Advent is about being unsettled, discontented with the world the way it is, and yet trusting in God’s presence with us even as our world lurches from one crisis to another. God is with us in the waiting, and in the arrival, in the night and in the day.

Our call is to rely on God, to anticipate that God will act. As our Psalm says, we lift up our souls to God. We’re depending on God to bring about the future God has promised.

Our hope is in God, not in anything of this world’s temporary promises. We ask God to lead us and teach us, to forget our sins, to follow the paths of the Lord, which are steadfast love and faithfulness.

We wait with the people in the first-century church in Thessalonica, abounding in love for one another, trusting in God to strengthen our hearts in holiness, to make us ready for our Savior’s arrival. We seek to love our neighbors, to encourage one another with hope in the waiting.

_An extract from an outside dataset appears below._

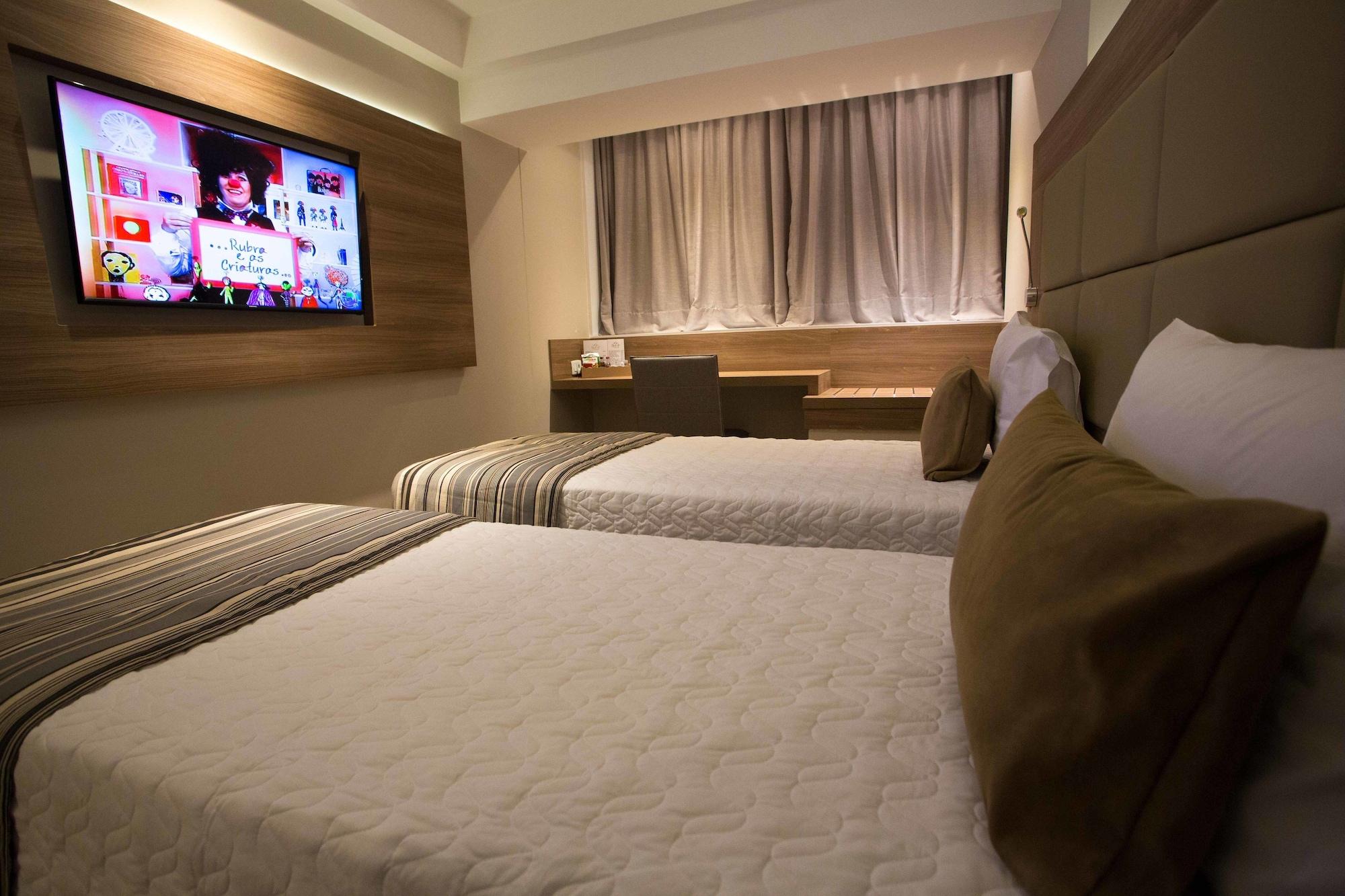 Petit Rio Hotel 3* Rio de Janeiro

This year, one of the ways we’re living that out is by raising money for ELCA World Hunger. You’ll hear more about this over the next three weeks, but this is the 50th anniversary of Lutheran world hunger appeals, and as a congregation, we’ve set a goal of raising $500 in donations in this season, as part of our synod’s goal of raising an extra $50,000.

The world is not as it should be, and we can make a difference. We can pay attention, both to the needs around us and to what God is doing. We can pray. With the Holy Spirit’s help, we can trust.

Jesus says the way to know the end is near—and remember, the end is a good thing, the hope of redemption, not destruction. Well, destruction of the temporary things of this world, not the end of what matters—the way to know the end is near is to look at the experience of the fig tree. When the buds appear on the trees, you know spring is near. You know life is coming, winter is ending.

When night falls, you don’t panic that it’s never going to be light again, right? Why? Because you’ve experienced that the daylight comes back. We know winter ends, because we’ve experienced spring.

Sickness doesn’t last forever, wealth doesn’t last forever, nothing but God’s kingdom lasts forever. Our waiting will come to an end.

We wait with hope, because we’ve seen God be faithful before. One of my favorite descriptions of Advent is from a commentary on this Gospel reading by Audrey West.
She says, “The season of Advent is a sticky-note reminder to the church: God is doing a new thing. Again.” The end is near, and so is the beginning.

We wait with hope, because we’ve waited before. We trust in God’s future, because God has been faithful before. We wait with hope, because God has already secured our future. God’s grace is for us.

Stand up and raise your heads, because your redemption is drawing near. The dawn is near. Welcome to Advent.